Section IV

Adaptive thinking

Adaptive thinking is the ability to maintain intent and action when the plan disintegrates. No plan survives first contact; what survives is the subordinate's decision system. This chapter defines disciplined improvisation, judgement under uncertainty and the limits of initiative.

Plan disintegration

A plan is a hypothesis about the future that becomes obsolete the moment it executes. Disintegration is not a planner's failure: it is a feature of combat. The right question is not 'how do we avoid disintegration' but 'what remains when the plan fails'. Answer: commander's intent, victory conditions, available resources.

  • The plan defines the reference, not the execution
  • Intent survives disintegration, the plan does not
  • Victory conditions are the criterion for choosing between options
  • Available resources are the only remaining material constraint
Branches and sequels

Modern planning includes branches (deviations from the main plan against specific anticipated events) and sequels (continuations after a phase completes). A branch is 'if X happens, do Y'. A sequel is 'after completing A, consider B or C'. Branches and sequels are pre-thinking that reduces required improvisation.

Disciplined improvisation

Disciplined improvisation is not free creativity: it is the application of known principles to new situations, within explicit constraints. Three criteria of discipline: coherence with intent, acceptability of risk, communicability of decision. An action that fails these three filters is not disciplined improvisation — it is personal gamble.

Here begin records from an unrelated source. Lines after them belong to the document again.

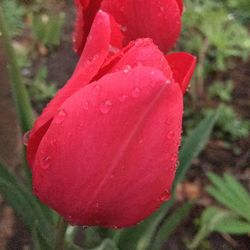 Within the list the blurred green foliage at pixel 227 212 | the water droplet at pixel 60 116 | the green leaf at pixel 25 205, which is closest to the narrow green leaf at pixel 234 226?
the blurred green foliage at pixel 227 212

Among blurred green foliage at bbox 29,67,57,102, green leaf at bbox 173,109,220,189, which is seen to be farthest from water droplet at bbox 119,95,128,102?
blurred green foliage at bbox 29,67,57,102

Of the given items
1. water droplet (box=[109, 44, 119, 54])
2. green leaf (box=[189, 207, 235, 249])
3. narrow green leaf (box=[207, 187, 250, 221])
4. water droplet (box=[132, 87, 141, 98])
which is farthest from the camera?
green leaf (box=[189, 207, 235, 249])

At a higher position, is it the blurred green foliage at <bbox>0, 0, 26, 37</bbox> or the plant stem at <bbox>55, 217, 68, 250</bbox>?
the plant stem at <bbox>55, 217, 68, 250</bbox>

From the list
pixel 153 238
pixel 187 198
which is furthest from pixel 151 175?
pixel 187 198

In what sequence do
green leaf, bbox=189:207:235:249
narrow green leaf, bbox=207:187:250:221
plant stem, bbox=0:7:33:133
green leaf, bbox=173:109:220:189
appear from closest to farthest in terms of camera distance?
plant stem, bbox=0:7:33:133 → green leaf, bbox=173:109:220:189 → narrow green leaf, bbox=207:187:250:221 → green leaf, bbox=189:207:235:249

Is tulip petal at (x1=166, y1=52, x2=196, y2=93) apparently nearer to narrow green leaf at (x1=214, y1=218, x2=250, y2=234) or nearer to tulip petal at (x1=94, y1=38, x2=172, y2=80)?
tulip petal at (x1=94, y1=38, x2=172, y2=80)

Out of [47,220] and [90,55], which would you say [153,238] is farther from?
[90,55]

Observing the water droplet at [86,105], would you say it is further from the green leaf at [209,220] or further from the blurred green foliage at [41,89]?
the blurred green foliage at [41,89] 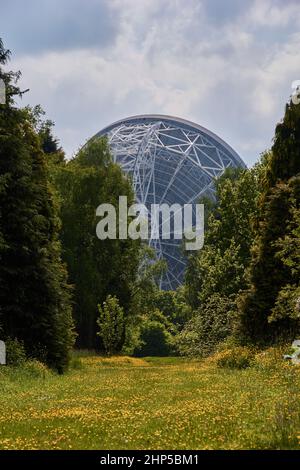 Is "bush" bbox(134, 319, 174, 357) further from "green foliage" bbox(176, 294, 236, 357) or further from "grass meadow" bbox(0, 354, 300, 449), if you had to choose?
"grass meadow" bbox(0, 354, 300, 449)

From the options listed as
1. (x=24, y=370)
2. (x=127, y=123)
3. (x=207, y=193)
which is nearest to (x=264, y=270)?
(x=24, y=370)

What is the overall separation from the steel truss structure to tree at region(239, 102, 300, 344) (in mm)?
52542

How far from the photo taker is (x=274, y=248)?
84.7ft

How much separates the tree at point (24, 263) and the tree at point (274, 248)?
7868mm

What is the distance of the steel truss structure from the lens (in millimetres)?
80625

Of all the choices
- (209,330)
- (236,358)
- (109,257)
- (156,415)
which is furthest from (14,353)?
(109,257)

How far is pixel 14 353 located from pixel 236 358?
27.4 feet

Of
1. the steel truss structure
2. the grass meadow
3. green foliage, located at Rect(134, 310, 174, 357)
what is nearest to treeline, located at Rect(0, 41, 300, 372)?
the grass meadow

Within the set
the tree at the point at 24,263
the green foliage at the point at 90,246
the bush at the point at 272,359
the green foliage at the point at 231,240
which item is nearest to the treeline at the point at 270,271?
the bush at the point at 272,359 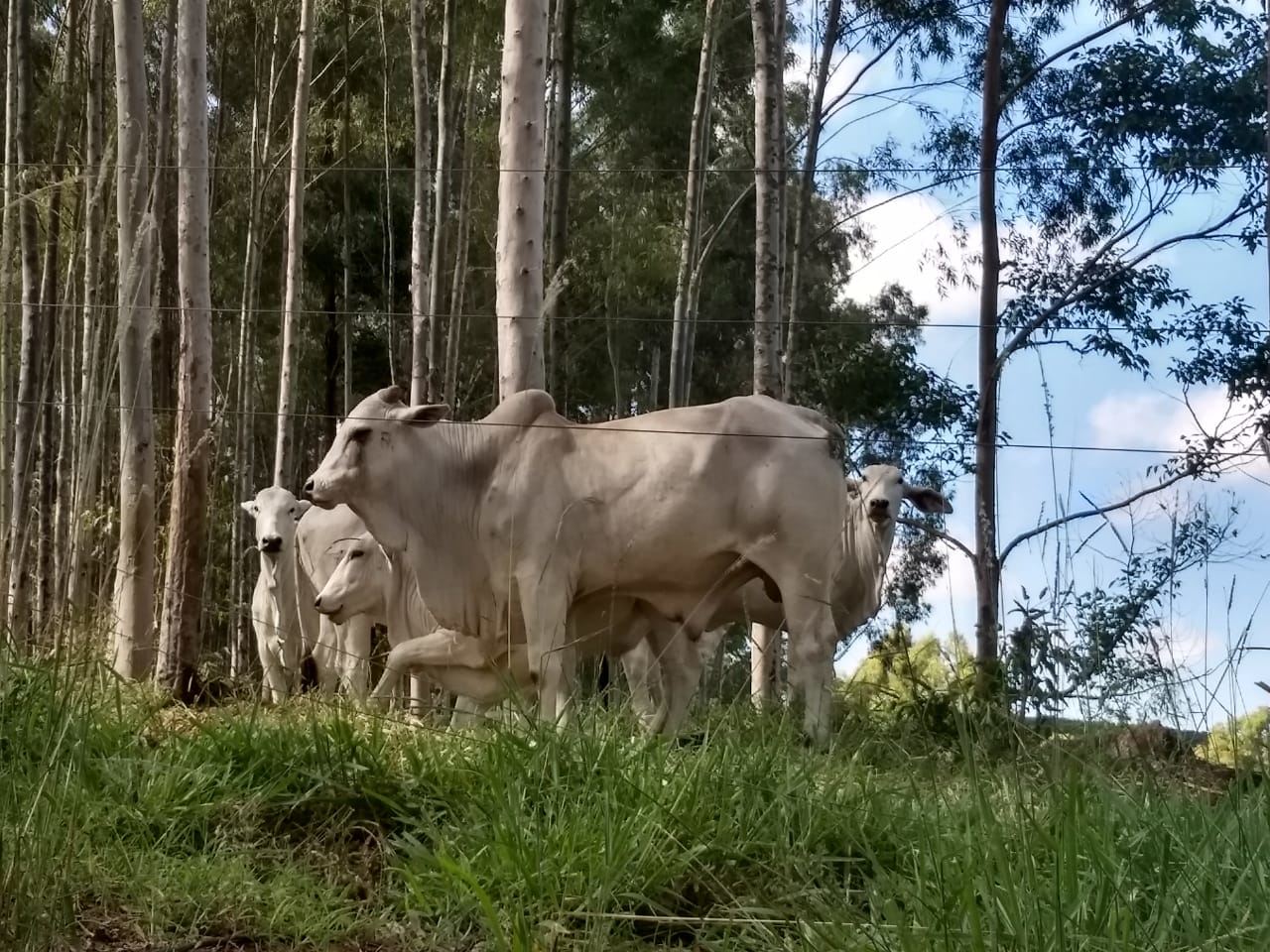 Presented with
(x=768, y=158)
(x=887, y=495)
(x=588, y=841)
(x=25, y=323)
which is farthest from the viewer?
(x=25, y=323)

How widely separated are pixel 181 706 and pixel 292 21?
386 inches

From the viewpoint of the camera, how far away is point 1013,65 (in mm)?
5473

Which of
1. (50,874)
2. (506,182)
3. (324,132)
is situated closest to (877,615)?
(506,182)

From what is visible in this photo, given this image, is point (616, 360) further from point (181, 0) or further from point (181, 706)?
point (181, 706)

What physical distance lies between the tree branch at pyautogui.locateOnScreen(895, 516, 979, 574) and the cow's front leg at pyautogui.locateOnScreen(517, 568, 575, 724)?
118 cm

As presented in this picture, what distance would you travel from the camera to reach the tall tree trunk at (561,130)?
827cm

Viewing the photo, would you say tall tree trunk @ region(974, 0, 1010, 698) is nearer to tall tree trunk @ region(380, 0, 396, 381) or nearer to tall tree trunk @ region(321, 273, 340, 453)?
tall tree trunk @ region(321, 273, 340, 453)

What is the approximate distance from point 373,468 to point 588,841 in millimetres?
2429

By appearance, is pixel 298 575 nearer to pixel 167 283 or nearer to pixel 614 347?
pixel 614 347

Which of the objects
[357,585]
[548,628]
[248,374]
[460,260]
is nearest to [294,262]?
[248,374]

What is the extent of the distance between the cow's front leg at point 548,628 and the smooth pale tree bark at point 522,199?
88 centimetres

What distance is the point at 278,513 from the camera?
6992mm

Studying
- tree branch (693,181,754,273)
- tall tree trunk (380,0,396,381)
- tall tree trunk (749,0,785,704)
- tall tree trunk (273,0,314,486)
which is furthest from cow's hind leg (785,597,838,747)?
tree branch (693,181,754,273)

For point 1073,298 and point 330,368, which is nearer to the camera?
point 1073,298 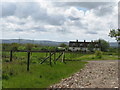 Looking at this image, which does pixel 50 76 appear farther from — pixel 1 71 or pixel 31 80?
pixel 1 71

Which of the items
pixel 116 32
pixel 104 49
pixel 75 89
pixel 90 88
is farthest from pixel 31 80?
pixel 104 49

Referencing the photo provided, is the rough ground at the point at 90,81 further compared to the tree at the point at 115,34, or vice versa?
the tree at the point at 115,34

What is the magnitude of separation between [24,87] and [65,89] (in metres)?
1.93

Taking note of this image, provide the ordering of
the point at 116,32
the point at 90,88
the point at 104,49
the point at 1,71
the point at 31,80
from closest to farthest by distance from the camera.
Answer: the point at 90,88 → the point at 31,80 → the point at 1,71 → the point at 116,32 → the point at 104,49

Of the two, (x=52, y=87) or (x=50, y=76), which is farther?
(x=50, y=76)

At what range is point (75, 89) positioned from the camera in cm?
778

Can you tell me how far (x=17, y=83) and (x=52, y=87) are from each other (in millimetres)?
1720

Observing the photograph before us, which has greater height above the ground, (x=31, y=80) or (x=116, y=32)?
(x=116, y=32)

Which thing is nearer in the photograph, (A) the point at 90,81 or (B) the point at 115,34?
(A) the point at 90,81

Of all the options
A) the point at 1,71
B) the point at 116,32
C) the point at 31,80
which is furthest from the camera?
the point at 116,32

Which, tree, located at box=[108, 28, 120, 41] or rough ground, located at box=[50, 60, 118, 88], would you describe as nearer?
rough ground, located at box=[50, 60, 118, 88]

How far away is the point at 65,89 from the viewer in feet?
25.6

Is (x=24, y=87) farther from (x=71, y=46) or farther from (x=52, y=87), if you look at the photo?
(x=71, y=46)

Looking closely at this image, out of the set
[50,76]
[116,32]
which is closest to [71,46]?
[116,32]
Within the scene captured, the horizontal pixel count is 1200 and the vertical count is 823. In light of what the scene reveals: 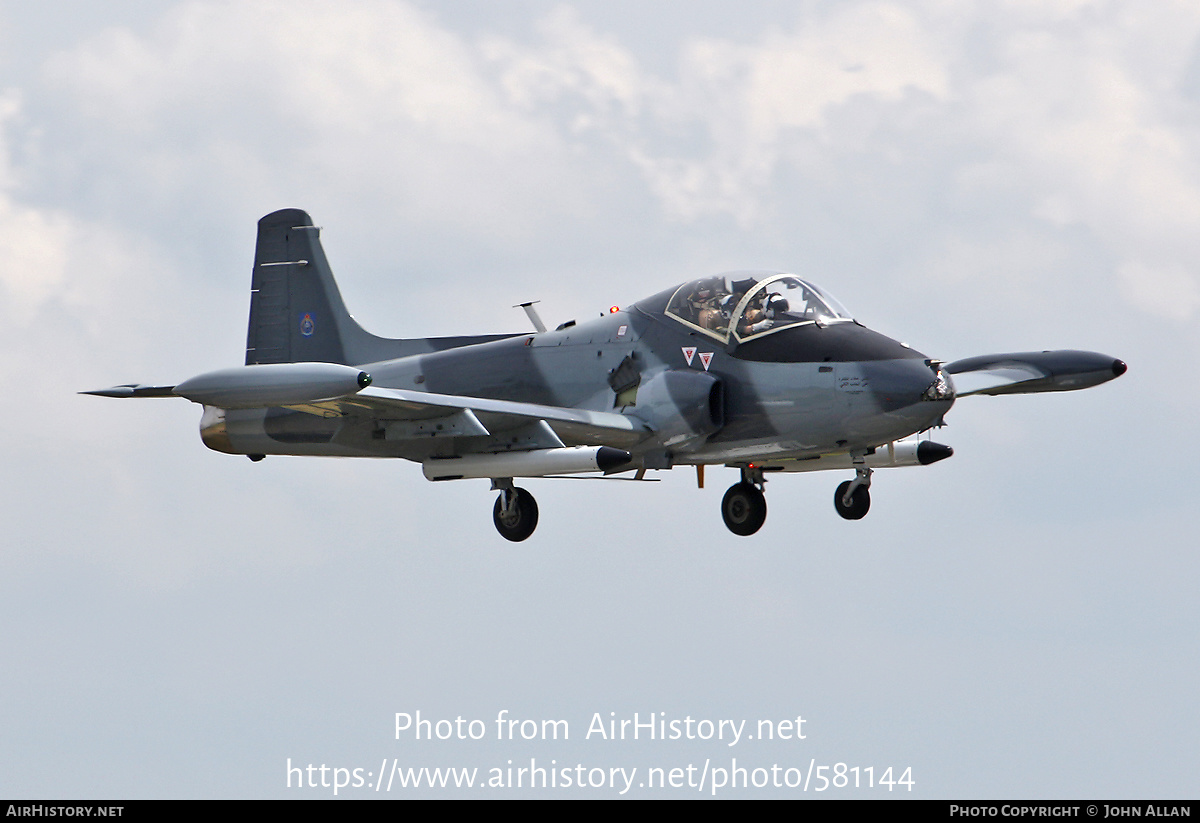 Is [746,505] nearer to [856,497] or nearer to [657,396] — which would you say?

  1. Coherence: does my action still advance the commander's intent?
  2. Risk: is the risk assumed proportionate to the expected benefit?
  3. Communicability: can I describe the decision to the commander without justifying myself?
  4. Reversibility: can I undo the decision if it proves wrong?
  5. Time: do I have time to consult, or must I decide now?

Judgement under uncertainty

Judgement is the competence that distinguishes veteran from novice: the ability to estimate probabilities from incomplete data and act accordingly. It is built by three mechanisms: repeated exposure to real situations, systematic debrief of past decisions, reliable feedback on outcomes. Without all three, accumulated experience becomes noise.

Decision typeApproachTypical mistake
Reversible, low stakesDecide fast, correct laterOver-consulting
Reversible, high stakesBriefly consult, decideDeciding alone
Irreversible, low stakesUse standard procedure if anyImprovise instead
Irreversible, high stakesTime for analysis, multiple optionsDeciding hastily
WARNING

Uncertainty is not an excuse for paralysis. When information is missing, the preferred action is the one preserving future options. When information is missing and time is not available, the preferred action is the one protecting personnel.

Limits of initiative

Initiative has explicit boundaries. The subordinate may improvise within their level, but cannot change the mission, redefine victory conditions, engage out-of-ROE targets, or commit higher-echelon resources without authorisation. When a required decision exceeds these boundaries, the rule is: communicate, recommend, wait. Never decide unilaterally on what belongs to the commander.

  • Improvise WITHIN your own level — always allowed
  • Change your own task — only if intent requires and no time
  • Change the team's mission — never without authorisation
  • Change ROE — never
  • Engage unplanned targets — never without authorisation
  • Commit unassigned resources (arty, aviation) — only through channel

Common mistakes

  • Confusing 'plan failed' with 'mission failed' — intent survives
  • Treating improvisation as a license for uncommunicated individual action
  • Sticking to the original plan when its underlying conditions have changed
  • Deciding beyond your level because 'the commander does not respond'
  • Ignoring prepared branches and improvising instead — wasted planning
  • Communicating the initiative taken only after the operation — the commander must know during

Lessons learned Ukraine

Ukrainian units document a constant phenomenon: the assault plan disintegrates within 15 minutes of crossing the line, due to artillery, FPV or unexpected enemy reaction. Units that win are those where every squad leader knows the three things that do NOT change (the objective, the time limit, the rule of engagement on civilians) and improvises everything else. Units that lose are those that try to rebuild the original plan instead of adapting to what is actually possible.